_Work to be completed_
The entries that follow must be given again exactly, with no pictures kept.

_Items listed in a dataset_
========

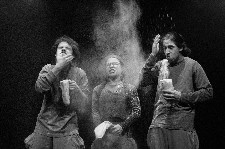 Festa do Teatro arrancou este fim-de-semana em Setúbal Com uma abertura magnífica pelos «Hot Potato Syncopators»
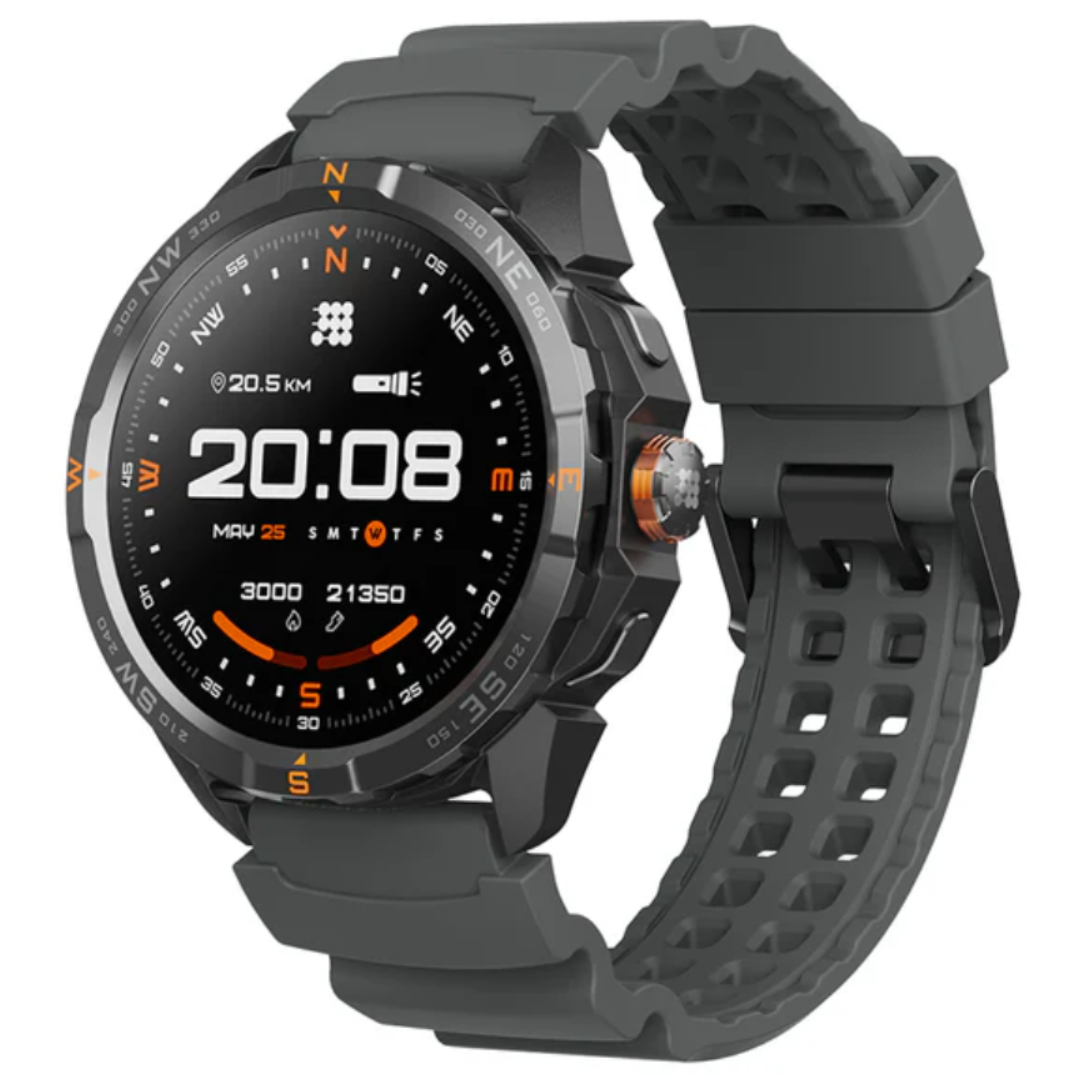 Reloj Inteligente TERRA Special Edition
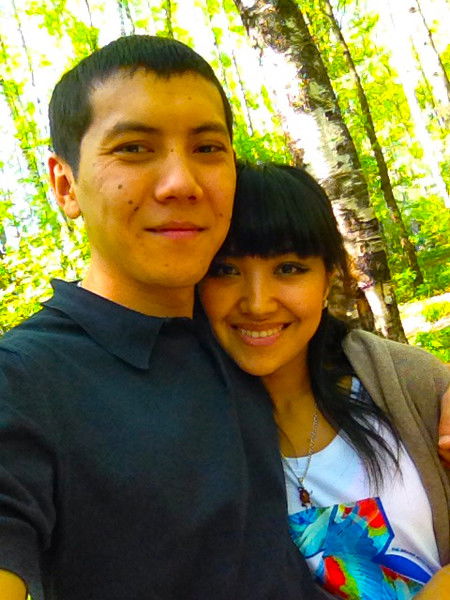 Айбек Шадыбеков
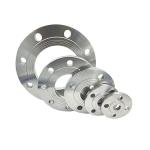 Forged Flange Duplex Stainless Steel Flange UNS S30815 253MA 2'' Class 150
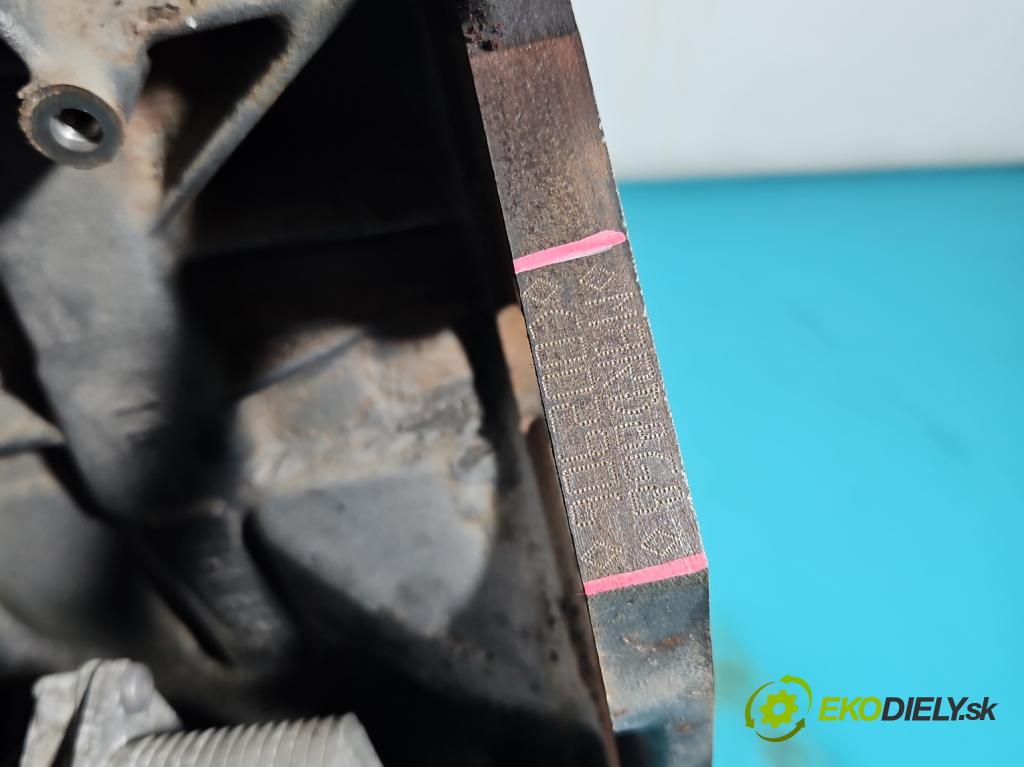 Renault Koleos I 2008-2016 2.0 dci 150 hp manual 110 kW 1995 cm3 5- motor diesla M9RD868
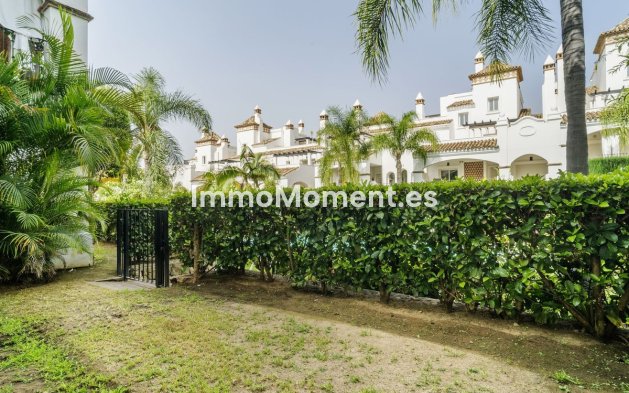 Wiederverkauf - Wohnung - Marbella - Marbella Centro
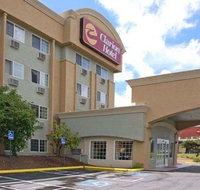 Clarion Hotel Renton - Accommodation Los Angeles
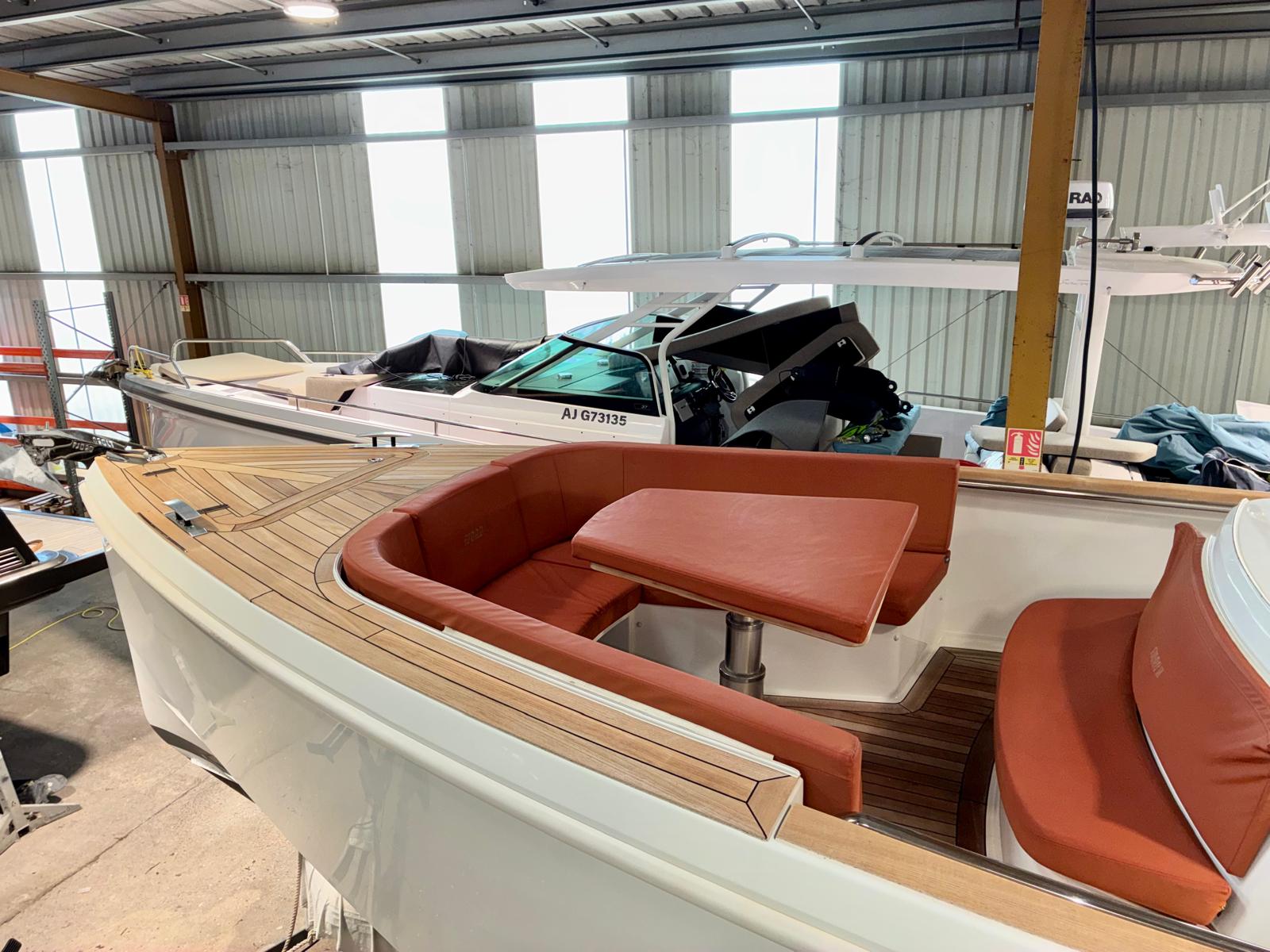 <strong>FJORD</strong></br>38 XPRESS – Image 10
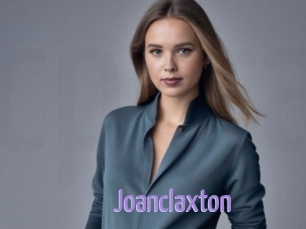 Joanclaxton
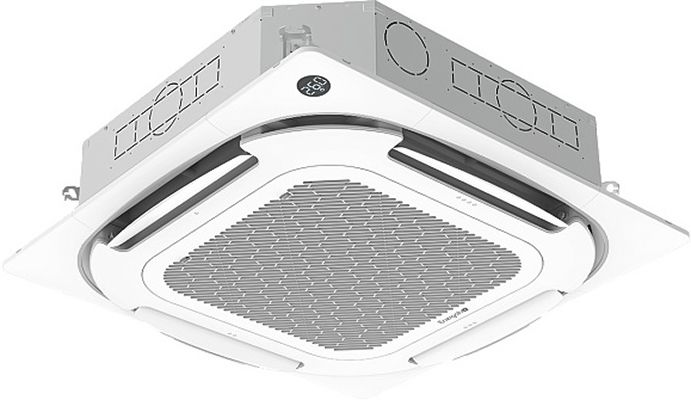 Кассетный кондиционер Energolux ESAC48C1_WF_AR2_DC/ESAU48U1_AR2_DC_WS40/ESCP25A1 фото#8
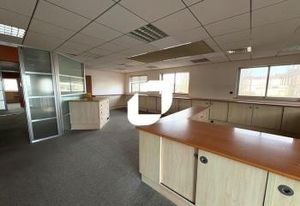 Location bureaux Mornant - Zone des Platières, proche RD42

========

_Response area_
 Festa do Teatro arrancou este fim-de-semana em Setúbal Com uma abertura magnífica pelos «Hot Potato Syncopators»
 Reloj Inteligente TERRA Special Edition
 Айбек Шадыбеков
 Forged Flange Duplex Stainless Steel Flange UNS S30815 253MA 2'' Class 150
 Renault Koleos I 2008-2016 2.0 dci 150 hp manual 110 kW 1995 cm3 5- motor diesla M9RD868
 Wiederverkauf - Wohnung - Marbella - Marbella Centro
 Clarion Hotel Renton - Accommodation Los Angeles
 <strong>FJORD</strong></br>38 XPRESS – Image 10
 Joanclaxton
 Кассетный кондиционер Energolux ESAC48C1_WF_AR2_DC/ESAU48U1_AR2_DC_WS40/ESCP25A1 фото#8
 Location bureaux Mornant - Zone des Platières, proche RD42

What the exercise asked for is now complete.